Clinical significance of the PM

In addition to the aforementioned clinical information regarding the piriformis syndrome, the said condition may be treated by a novel method, introduced by Tubbs et al. [24], which proved to be attainable in a cadaveric study thus far. The technique was performed on 5 adult cadavers and included the exposure of the PM in the proximity of the greater sciatic foramen. What is more, in order to achieve that an incision was performed near the pubic tubercle and then underlying adductor muscles, as well as deeper obturator muscles, were split. Subsequently, a laparoscope was inserted into the emergent canal and the SN was identified. As a result, the PM was cut which relieved the compression of the SN. Neither the SN nor neuromuscular bundles were damaged during the procedure [24].

The PM is also involved in certain invasive procedures. Ozisik et al. [17] described a computed tomography-guided injection into the PM. The group which received that form of treatment consisted of 10 patients. What is more, one of the patients had right PM hypertrophy found on the magnetic resonance imaging. When it comes to the technique, an 18G needle was placed in the PM and the insertion was confirmed with the computed tomography. The methylprednisolone (Depo-Medrol 40 mg/1 vial) and bupivacaine (Marcaine 1 amp) were applied to the muscular tissue [17]. Concerning the PM features, such a precise diagnostic process resulted in the good recovery of 9 patients.

Thorough knowledge regarding the PM’s anatomical variations is also essential in ultrasound-guided injection. Santamato et al. [19] illustrated the usage of botulinum toxin in the treatment of the piriformis syndrome. The injection process comprises three stages: placing the linear transducer on the line connecting the projections of the greater trochanter and the ischial tuberosity, then identifying the PM by using the probe and consequently, inserting the needle underneath the close ultrasound surveillance. As a result, the patient’s symptoms were alleviated [19].

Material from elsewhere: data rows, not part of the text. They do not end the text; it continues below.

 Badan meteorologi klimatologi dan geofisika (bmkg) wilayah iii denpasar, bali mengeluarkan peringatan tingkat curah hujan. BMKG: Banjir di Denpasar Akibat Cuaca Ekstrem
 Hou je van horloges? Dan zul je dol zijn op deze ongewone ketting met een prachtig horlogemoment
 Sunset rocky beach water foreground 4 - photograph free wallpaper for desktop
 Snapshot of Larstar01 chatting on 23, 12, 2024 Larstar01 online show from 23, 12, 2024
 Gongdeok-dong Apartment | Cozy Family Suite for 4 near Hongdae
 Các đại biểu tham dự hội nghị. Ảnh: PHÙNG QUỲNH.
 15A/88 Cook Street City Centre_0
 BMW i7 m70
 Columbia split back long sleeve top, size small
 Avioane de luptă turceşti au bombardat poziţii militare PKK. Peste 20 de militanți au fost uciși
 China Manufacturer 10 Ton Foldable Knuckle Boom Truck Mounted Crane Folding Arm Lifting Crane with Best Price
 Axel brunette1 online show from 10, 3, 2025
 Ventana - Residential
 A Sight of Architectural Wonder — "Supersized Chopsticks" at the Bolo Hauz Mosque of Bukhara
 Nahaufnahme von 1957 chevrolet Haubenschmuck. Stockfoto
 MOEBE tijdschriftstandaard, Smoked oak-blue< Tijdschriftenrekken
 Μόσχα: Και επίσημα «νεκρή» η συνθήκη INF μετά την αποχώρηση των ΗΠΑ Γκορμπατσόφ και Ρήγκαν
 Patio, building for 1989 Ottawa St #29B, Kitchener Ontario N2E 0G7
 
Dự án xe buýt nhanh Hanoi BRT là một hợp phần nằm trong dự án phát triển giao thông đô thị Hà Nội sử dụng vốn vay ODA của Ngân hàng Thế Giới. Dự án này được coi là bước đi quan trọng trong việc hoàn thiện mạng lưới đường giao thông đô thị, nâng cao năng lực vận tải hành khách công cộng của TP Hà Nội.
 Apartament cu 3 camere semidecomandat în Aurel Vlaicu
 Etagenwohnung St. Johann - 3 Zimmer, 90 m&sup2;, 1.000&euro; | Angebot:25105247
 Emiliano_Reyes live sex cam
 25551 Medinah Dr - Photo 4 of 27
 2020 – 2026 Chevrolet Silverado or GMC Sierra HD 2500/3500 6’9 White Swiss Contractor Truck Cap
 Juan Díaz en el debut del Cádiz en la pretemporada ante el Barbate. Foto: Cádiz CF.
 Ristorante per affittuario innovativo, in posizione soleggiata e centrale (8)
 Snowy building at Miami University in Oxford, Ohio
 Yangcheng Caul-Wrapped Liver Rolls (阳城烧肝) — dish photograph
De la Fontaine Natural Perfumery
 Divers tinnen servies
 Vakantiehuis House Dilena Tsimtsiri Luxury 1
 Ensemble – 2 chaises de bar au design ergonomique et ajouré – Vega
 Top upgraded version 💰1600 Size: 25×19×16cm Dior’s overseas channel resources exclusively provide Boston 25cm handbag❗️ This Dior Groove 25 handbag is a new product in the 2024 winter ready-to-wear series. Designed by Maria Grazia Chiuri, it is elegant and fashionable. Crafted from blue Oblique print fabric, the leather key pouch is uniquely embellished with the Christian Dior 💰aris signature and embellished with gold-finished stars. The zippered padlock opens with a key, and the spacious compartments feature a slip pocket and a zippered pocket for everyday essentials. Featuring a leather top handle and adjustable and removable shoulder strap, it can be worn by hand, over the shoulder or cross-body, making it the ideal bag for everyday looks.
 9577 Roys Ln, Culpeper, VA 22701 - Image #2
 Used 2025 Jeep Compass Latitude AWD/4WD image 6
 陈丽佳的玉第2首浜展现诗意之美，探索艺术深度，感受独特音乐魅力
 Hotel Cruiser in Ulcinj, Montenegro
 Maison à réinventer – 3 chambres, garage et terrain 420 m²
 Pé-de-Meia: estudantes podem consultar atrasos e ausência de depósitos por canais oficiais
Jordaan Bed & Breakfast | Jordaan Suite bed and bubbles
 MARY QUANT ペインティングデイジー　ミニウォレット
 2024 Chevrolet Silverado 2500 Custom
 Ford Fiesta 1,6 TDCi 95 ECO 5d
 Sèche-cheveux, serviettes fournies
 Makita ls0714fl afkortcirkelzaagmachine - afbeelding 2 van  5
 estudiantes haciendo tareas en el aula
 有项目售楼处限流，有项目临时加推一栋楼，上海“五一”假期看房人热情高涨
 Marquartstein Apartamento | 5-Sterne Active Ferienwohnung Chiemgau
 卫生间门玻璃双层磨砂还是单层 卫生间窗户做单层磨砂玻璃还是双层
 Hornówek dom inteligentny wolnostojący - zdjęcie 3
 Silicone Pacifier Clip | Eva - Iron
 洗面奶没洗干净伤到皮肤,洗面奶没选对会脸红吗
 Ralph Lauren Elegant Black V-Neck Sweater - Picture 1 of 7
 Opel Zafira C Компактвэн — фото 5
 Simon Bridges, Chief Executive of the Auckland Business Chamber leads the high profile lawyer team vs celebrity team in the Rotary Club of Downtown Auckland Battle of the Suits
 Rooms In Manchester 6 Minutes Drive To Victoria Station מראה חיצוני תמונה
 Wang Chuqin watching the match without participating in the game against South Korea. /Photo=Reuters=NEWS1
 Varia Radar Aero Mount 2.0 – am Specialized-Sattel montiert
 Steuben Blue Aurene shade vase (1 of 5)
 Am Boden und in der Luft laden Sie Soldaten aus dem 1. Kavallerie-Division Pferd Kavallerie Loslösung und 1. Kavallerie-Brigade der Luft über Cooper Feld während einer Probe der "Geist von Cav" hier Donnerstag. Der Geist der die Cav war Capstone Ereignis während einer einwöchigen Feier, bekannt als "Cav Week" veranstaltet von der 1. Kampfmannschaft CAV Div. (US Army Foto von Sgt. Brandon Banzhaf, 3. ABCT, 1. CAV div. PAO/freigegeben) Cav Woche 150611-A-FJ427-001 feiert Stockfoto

Furthermore, McLawhorn et al. [13] reported anatomical outcomes of direct anterior approach total hip arthroplasty, for instance, the violation of the PM. During the direct anterior approach an incision on the front of the hip is made, and then muscles are moved instead of detaching the tendons so as to replace the joint. Promptly after the procedure, 75% (24 out of 32) of the PM tendons were found to be intact, whereas a 1-year follow-up showed that only 1 patient out of 32 had PM tendon damaged. In addition, 22% of hips manifested moderate atrophy of the PM [13].

Limitations of the study

The principal limitation of the present study is lack of patient’s medical records. Without those, it is impossible to determine whether the patient felt any discomfort or pain due to the existence of the three-headed PM. Furthermore, the anatomical variant of the PM should be taken into consideration in a differential diagnosis concerning pain localized in the gluteal region of unknown origin.

CONCLUSIONS

This study presented a case of the primary three-headed PM with discussion of its possible embryological basis. To the best knowledge of the authors, the said variant has not yet been described in the literature. The clinical importance of this work comes down to the fact that the aberrant PM may be the reason behind the piriformis syndrome and its associated symptoms. Moreover, knowledge regarding the variant anatomy of the PM is of immense importance to, e.g. anaesthesiologists, performing computed tomography- or ultrasound-guided SN injection for local anaesthesia.

Acknowledgements

The authors are indebted to Mr Jacenty Urbaniak for the technical support. “The authors sincerely thank those who donated their bodies to science so that anatomical research could be performed. Results from such research can potentially increase mankind’s overall knowledge that can then improve patient care. Therefore, these donors and their families deserve our highest gratitude” [10].